Algunas veces mi padre me subía a sus hombros. Eran pocas, y poco tiempo, porque molestaba a los de atrás. Entonces sí veía las filas de nazarenos, el garbo militar de los romanos (sobre todo a Cándido, mi vecino, de rostro enjuto y guerrero, propio de un centurión), los curas llenos de oropel que antecedían a los pasos. No sabía si me gustaba o no, quizá en aquella edad temprana ya estallaba en mí la dialéctica entre el evangelio y la pompa de la jerarquía eclesiástica. Pero sí me atraían esos momentos de recogimiento en los que el silencio se apoderaba de la noche, y en la penumbra de las velas, se podía oír una desgarrada saeta que echaba flores a la muerte.

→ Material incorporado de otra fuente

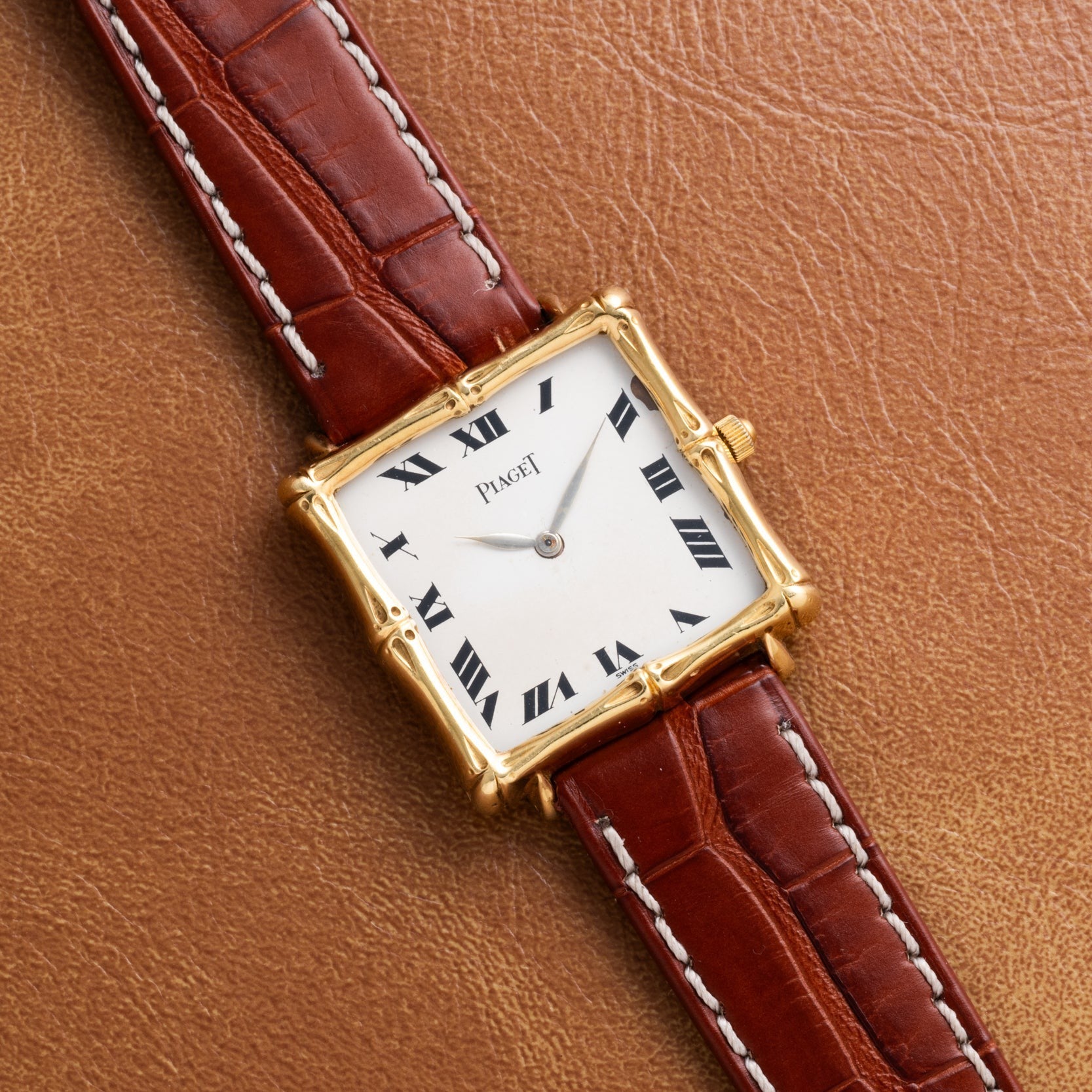 The Piaget Bamboo Dress Watch features a gold square case, Roman numerals, and a brown leather strap, displayed on a tan leather surface.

Miraba a quien cantaba desde un balcón, y sentía envidia. Imaginaba que quizá algún día yo pudiera llorar con el cante contra la muerte. Pero natura no tuvo a bien favorecer el talento de mi garganta. Así que me he quedado con las ganas.
Cuando llegaba el domingo siempre amanecía con sol. Se había alejado el viento furioso y la vida parecía renacer con alegría. Para muchos el paisaje celebraba la resurrección del Cristo. Pero lo que más feliz me hacía era ver las bandadas de pájaros que ocupaban su cielo. Los miraba y sentía una semilla de libertad adentro. Ahora, en este encierro, hay veces que sobre la soledad de las calles solo oigo el piar de los pájaros. Como entonces, siento dentro esa semilla de libertad que espero pronto germine.